Monday, Jun. 19, 1950

Jumpin' Opera

When Berlin-born Composer Lukas Foss first came to the U.S. 13 years ago, he used to worry about the European flavor of his music. Once he even went so far as to say: "I want to be considered an American composer ... one of the boys." At 27, blue-eyed Wunderkind Foss takes a little easier view of the matter. "Now," says he, "I set a Sandburg poem to music or a story by Mark Twain without thinking of being an American or not."

The Sandburg poem, Prairie, was the inspiration for a cantata by Foss which won him a citation from the New York Music Critics Circle in 1944. The Mark Twain story, The Celebrated Jumping Frog of Calaveras County, became the basis for a one-act opera which was produced last week by Manhattan's new After Dinner Opera Co. It was just about the livest and jumpin'est opera yet turned out by a young composer in the U.S.

Composer Foss hoped his opera had "the air of Mozartean opera buffa." Bright, inventive and folk-tuny, his score had a good deal of the air of Calaveras County as well as a Mozartean pace.

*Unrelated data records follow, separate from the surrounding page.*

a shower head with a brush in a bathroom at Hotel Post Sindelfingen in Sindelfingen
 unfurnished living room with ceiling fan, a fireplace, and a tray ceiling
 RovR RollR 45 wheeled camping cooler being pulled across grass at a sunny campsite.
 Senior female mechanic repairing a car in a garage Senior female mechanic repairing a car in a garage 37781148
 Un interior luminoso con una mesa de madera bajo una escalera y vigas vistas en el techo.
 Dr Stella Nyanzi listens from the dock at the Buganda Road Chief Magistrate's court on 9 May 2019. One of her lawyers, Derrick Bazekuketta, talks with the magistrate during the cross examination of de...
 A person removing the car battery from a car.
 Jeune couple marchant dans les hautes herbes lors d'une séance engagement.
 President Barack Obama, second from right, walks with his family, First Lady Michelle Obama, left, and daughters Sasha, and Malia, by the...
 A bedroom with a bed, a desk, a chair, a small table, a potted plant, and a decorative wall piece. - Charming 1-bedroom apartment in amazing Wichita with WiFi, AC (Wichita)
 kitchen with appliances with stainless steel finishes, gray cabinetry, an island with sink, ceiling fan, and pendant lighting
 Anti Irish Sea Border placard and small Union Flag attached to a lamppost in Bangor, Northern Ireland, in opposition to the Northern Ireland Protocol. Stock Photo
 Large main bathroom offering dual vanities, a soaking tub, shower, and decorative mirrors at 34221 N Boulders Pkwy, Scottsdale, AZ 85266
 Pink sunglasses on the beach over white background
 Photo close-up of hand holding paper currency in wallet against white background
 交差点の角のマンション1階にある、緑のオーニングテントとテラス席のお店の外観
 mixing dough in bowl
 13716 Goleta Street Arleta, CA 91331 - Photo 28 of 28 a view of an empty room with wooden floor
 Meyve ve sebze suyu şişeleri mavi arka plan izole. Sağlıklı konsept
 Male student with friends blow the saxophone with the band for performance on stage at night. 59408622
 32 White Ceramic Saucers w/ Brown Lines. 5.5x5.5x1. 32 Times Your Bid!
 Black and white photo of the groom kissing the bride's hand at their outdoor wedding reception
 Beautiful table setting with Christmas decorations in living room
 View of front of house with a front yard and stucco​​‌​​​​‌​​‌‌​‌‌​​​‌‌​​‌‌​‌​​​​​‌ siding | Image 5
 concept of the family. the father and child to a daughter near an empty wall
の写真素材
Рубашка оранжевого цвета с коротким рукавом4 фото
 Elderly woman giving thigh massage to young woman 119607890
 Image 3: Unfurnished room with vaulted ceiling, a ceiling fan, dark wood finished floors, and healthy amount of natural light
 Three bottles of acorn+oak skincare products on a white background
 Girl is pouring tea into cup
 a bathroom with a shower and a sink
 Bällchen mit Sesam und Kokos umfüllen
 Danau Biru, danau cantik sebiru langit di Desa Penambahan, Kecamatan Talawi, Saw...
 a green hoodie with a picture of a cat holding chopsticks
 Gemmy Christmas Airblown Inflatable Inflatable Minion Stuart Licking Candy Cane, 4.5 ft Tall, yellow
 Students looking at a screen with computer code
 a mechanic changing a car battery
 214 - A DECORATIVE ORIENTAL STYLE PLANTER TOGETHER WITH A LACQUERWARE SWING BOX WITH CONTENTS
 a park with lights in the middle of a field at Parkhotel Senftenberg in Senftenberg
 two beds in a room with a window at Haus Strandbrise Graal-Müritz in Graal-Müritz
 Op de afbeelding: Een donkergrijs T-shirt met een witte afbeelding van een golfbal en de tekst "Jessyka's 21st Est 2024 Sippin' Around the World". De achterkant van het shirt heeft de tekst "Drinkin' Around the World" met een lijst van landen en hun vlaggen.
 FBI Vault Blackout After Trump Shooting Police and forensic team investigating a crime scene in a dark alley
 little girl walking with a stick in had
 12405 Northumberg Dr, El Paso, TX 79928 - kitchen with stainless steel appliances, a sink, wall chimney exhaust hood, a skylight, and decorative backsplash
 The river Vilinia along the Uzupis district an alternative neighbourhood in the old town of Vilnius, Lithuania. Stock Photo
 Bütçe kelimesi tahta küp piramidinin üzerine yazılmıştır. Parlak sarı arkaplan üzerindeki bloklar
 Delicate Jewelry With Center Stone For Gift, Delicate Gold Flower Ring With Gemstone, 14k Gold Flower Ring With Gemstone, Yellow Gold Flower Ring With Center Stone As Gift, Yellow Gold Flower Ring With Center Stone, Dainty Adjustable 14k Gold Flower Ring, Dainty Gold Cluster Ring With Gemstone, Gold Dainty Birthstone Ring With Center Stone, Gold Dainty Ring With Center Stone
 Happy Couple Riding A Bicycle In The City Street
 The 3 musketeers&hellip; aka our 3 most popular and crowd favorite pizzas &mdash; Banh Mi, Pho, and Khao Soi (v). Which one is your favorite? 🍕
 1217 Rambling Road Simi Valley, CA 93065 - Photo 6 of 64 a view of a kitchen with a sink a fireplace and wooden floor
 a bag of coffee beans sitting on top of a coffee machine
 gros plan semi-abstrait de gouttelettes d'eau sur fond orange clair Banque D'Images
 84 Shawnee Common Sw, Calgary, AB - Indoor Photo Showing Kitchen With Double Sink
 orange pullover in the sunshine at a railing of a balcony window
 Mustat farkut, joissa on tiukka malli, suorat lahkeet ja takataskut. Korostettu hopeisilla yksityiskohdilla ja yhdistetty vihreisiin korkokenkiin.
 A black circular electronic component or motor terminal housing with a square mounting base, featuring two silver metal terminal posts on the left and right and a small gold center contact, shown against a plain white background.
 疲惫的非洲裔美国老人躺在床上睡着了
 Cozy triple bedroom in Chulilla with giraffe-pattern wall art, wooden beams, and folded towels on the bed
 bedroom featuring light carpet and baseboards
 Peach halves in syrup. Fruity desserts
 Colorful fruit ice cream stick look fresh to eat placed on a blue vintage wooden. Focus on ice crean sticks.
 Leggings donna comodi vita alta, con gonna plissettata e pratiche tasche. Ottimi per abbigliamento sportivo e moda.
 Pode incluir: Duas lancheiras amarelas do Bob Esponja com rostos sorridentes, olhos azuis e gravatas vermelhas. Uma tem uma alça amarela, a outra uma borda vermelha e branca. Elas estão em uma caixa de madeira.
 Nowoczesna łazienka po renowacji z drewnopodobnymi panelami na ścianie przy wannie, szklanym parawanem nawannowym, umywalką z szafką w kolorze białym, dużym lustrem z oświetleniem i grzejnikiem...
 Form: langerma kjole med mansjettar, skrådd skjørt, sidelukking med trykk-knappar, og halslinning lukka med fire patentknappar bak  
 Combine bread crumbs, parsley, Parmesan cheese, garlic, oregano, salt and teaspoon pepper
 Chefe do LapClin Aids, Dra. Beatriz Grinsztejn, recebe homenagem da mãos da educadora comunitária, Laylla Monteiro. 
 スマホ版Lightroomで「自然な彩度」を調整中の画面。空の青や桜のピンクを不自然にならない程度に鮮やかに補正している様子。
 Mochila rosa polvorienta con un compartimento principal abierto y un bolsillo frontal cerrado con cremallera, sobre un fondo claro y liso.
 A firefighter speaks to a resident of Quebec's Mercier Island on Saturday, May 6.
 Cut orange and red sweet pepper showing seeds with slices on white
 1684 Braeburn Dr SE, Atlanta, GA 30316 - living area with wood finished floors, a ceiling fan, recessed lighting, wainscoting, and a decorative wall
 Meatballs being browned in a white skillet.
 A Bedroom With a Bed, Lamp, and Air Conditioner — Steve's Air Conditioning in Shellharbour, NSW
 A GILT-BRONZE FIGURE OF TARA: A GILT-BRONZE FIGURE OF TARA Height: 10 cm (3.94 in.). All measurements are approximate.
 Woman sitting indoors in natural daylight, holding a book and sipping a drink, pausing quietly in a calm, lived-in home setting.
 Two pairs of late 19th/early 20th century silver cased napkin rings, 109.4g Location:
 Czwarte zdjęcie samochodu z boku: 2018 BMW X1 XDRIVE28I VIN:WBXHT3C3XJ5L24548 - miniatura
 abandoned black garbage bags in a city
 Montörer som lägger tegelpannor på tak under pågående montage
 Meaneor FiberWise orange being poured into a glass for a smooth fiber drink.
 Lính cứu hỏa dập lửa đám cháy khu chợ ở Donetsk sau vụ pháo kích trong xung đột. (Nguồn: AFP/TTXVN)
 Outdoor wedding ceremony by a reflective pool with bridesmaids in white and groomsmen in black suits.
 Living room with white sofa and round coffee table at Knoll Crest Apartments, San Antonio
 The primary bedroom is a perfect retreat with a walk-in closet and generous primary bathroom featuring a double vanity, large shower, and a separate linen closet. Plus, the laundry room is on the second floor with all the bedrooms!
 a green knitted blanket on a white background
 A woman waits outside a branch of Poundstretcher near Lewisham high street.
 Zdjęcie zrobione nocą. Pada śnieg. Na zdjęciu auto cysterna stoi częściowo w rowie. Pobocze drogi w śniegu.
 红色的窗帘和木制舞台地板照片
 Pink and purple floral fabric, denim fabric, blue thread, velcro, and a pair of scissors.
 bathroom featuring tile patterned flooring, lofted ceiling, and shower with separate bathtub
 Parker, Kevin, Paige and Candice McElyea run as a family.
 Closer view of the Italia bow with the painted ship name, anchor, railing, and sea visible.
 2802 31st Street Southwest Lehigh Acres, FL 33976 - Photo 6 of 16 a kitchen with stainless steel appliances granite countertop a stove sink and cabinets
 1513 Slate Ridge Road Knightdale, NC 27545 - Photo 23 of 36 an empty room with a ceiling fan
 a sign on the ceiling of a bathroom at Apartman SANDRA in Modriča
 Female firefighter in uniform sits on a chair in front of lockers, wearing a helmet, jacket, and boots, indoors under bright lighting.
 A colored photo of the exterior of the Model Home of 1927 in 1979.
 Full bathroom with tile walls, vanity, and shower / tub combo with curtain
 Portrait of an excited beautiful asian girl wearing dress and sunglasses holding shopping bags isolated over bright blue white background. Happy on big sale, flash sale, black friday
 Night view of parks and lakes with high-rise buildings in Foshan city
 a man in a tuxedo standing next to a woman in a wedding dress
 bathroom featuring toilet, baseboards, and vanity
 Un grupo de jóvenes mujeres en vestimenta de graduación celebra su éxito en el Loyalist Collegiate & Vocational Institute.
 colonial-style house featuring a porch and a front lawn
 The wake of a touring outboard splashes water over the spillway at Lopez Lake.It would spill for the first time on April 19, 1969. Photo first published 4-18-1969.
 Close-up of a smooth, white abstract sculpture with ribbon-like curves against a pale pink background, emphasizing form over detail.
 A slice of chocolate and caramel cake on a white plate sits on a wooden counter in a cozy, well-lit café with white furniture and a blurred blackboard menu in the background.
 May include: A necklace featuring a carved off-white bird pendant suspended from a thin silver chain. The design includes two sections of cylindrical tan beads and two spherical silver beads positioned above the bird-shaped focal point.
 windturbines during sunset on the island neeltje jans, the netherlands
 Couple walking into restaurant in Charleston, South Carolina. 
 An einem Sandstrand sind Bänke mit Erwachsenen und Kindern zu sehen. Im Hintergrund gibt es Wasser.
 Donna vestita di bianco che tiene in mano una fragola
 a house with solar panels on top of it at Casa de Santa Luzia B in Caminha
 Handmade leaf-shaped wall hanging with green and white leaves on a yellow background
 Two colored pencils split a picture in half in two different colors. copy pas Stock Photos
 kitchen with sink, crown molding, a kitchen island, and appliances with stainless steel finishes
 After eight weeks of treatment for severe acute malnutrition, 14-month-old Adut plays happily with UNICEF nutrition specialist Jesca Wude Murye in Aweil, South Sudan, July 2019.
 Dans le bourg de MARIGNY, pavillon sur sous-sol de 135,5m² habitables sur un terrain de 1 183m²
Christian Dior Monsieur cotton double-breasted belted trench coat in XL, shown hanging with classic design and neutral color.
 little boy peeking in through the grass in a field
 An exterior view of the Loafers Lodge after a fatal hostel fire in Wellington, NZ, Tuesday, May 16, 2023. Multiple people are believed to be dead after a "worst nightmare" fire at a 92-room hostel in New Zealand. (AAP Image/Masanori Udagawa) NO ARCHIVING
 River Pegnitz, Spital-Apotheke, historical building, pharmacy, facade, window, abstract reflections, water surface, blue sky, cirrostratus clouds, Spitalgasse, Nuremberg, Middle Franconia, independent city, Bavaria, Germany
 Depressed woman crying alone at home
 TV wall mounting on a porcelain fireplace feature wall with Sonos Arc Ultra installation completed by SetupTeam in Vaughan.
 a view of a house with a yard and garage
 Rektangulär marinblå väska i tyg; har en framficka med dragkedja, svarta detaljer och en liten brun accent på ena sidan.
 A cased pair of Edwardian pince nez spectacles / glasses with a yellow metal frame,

In Jean (The Duenna) Karsavina's libretto, the mustachioed gambler challenges champion frog Dan'l Webster's owner Smiley, then feeds Dan'l up on quail shot while the boys are outside laying their bets for the easy money. Before the contest comes off, the gambler strolls off for a mustache-twirling romance--which provides Composer Foss with an opportunity for some witty, satirical mustache-twirling music. Dan'l loses the contest, but the villain's villainies are found out, and he is brought to frontier justice.

With The Frog safely on its way (it gets another production at the Berkshire Music Festival next month), young Lukas Foss was already looking for a new libretto, "a longer and more serious one--but that doesn't mean everybody has to die at the end." He would have plenty of time to find one and work on it. He has resigned his post as pianist of the Boston Symphony Orchestra to spend next season in Italy as a winner of the American Academy in Rome's Prix de Rome.